06/22/2015 07:18 pm ET Updated Jun 22, 2015

Watch White Southerners Debate The Meaning Of The Confederate Flag

Justin Sullivan via Getty Images

In the aftermath of last week’s Charleston shooting, journalist Jose Antonio Vargas is hoping his new documentary on white privilege will help start a serious conversation on race for young people in the United States.

Scheduled to premier on MTV in July, Vargas says his new film “White People” will look at how young white people view their race.

“We saw last week the dire effects racism, gone unchecked, has on our communities,” Vargas said in a statement Monday. “The need for an honest and open conversation about the roles race and white privilege play in our society is more needed than ever.”

The documentary features Vargas exploring the lives of five white people with different backgrounds and discussing race with Millennials at schools and community centers around the United States.

In one clip from the documentary provided to HuffPost, Vargas moderates a discussion over the Confederate battle flag with a group of young people.

“No, I don’t [see it as a racist symbol]. I know some people do, but they need to learn more about it,” one person says.

“If you want to think about the history, you have to think ‘Southern battle for what?’ It was the battle for states’ rights to keep slaves. You cannot separate it from race,” another person says.

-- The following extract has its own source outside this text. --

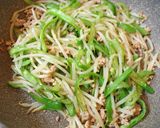 豚ひき肉とインゲンのエスニック炒め作り方4写真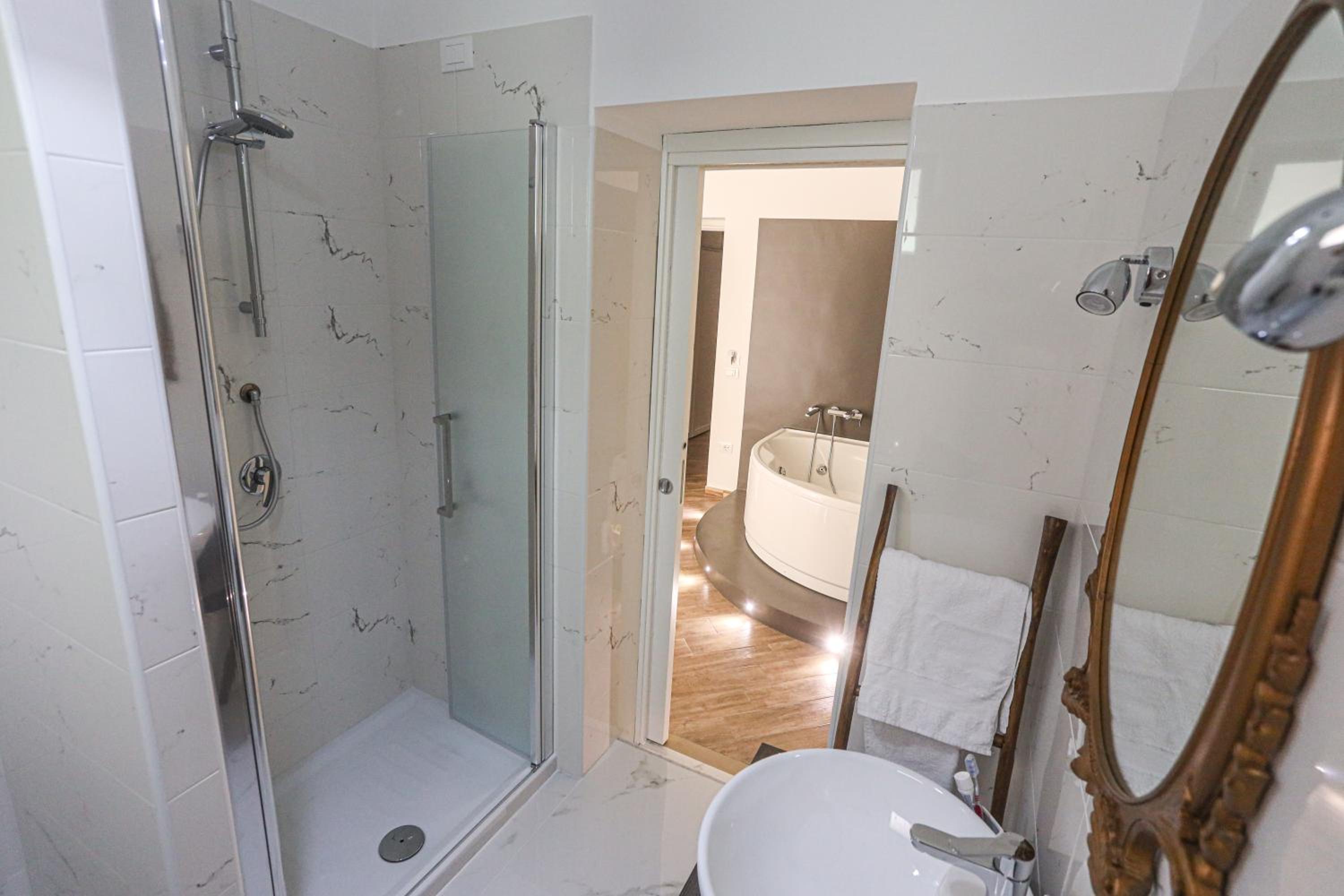 King Room with Spa Bath - Photo 2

“There’s more to it than that,” the first person responds. “That’s the one thing that we care about, but there was a heck of a lot more to it than just slaves."

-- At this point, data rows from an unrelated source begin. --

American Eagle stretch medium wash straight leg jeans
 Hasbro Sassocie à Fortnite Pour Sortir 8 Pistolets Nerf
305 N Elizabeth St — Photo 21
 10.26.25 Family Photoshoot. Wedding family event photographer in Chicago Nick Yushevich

In light of last week’s shooting, many have called for South Carolina to remove the flag from its state grounds. On Monday, South Carolina Gov. Nikki Haley asked the South Carolina legislature to vote to remove it.

Vargas, who is from the Philippines and is an undocumented immigrant, produced the film with his nonprofit group Define American. Vargas previously worked at publications such as the Washington Post, where he contributed to their Pulitzer Prize-winning coverage of the 2007 Virginia Tech shooting, and the Huffington Post. Earlier this year, Vargas partnered with the Los Angeles Times to launch a new digital project called #EmergingUS, which will cover topics such as race, identity and immigration reform.

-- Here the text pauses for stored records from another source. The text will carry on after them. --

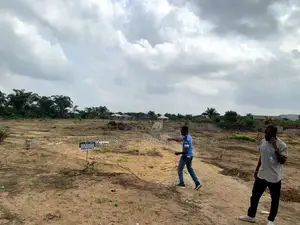 Champion City, Estate Obafemi-owode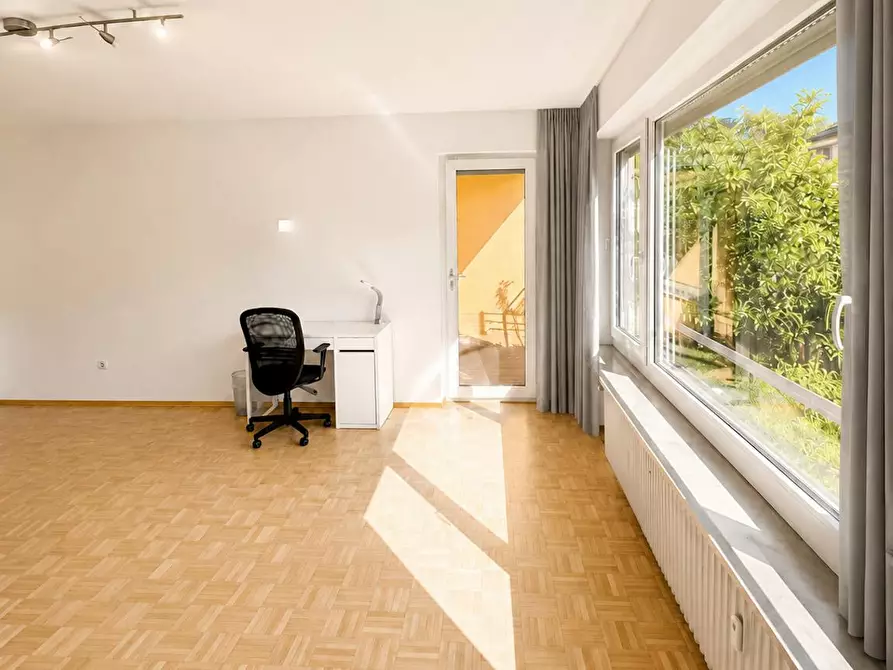 Immagine 2 di Camera in affitto  in Keferstraße a München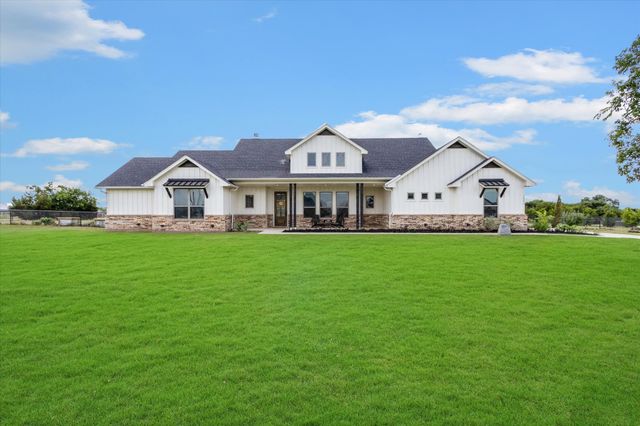 1001 N Oak Trail, Weatherford, TX 76085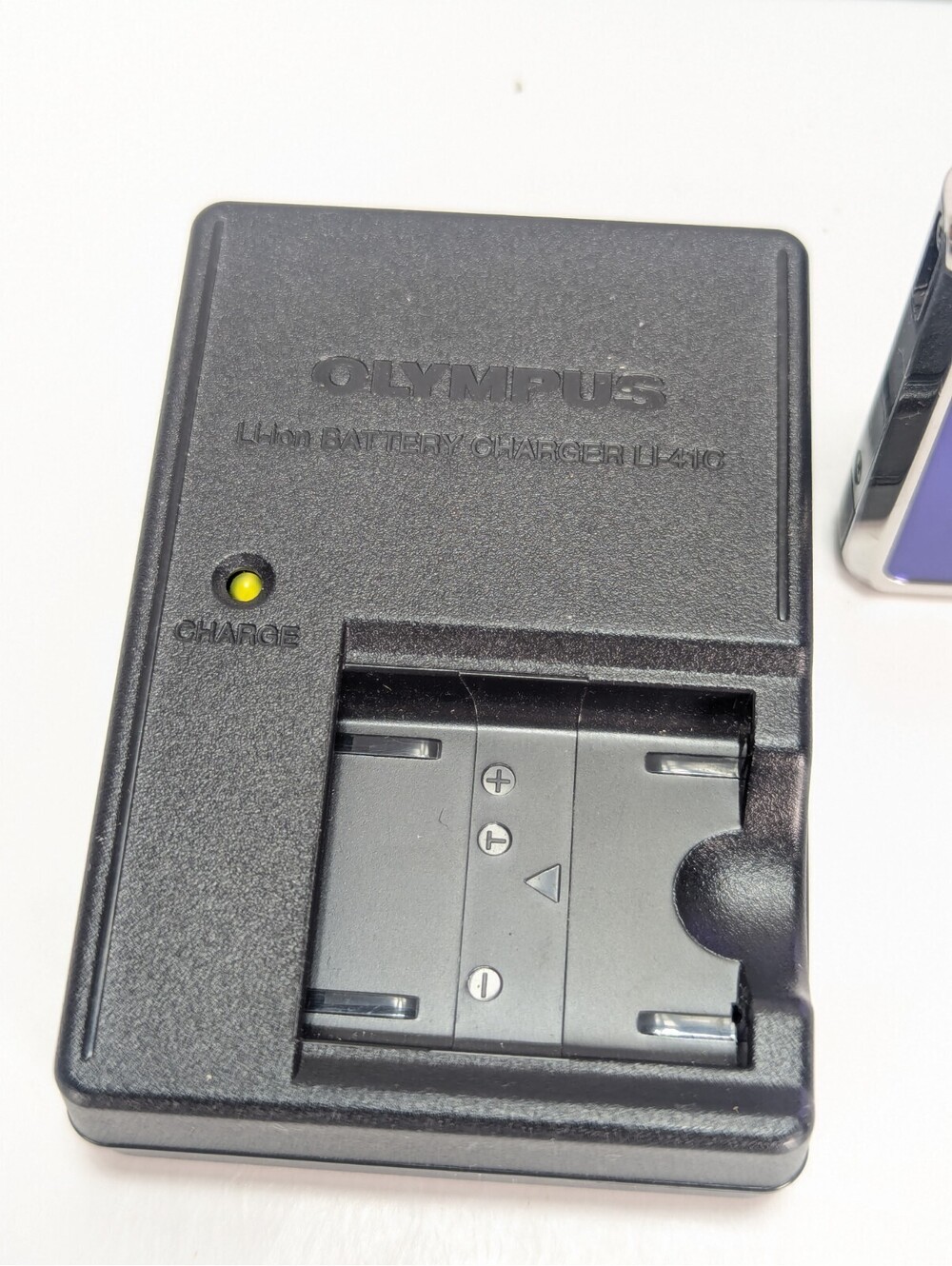 Olympus FE-5020 12MP Digital Camera Battery & Charger & Memory Card Purple - Picture 14 of 14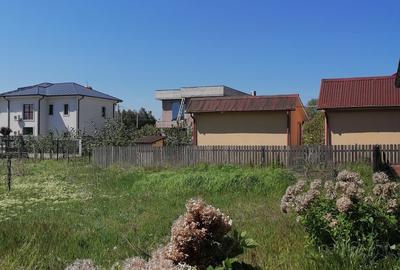 Teren agricol intravilan de 1250 mp, în Lazu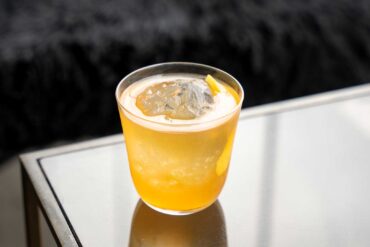 Fish-House-Punch-cocktail-Coqtail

MTV, which is airing the documentary as part of its “Look Different” campaign, is calling the documentary “the first-of-its-kind.”

“Whiteness often remains unexamined in conversations about race in this country, even as it acts as the implicit norm against which other racial identities are judged,” MTV President Stephen Friedman said.

The documentary will be premier on July 22 at 8 p.m. ET on MTV. The film will also be simultaneously available online.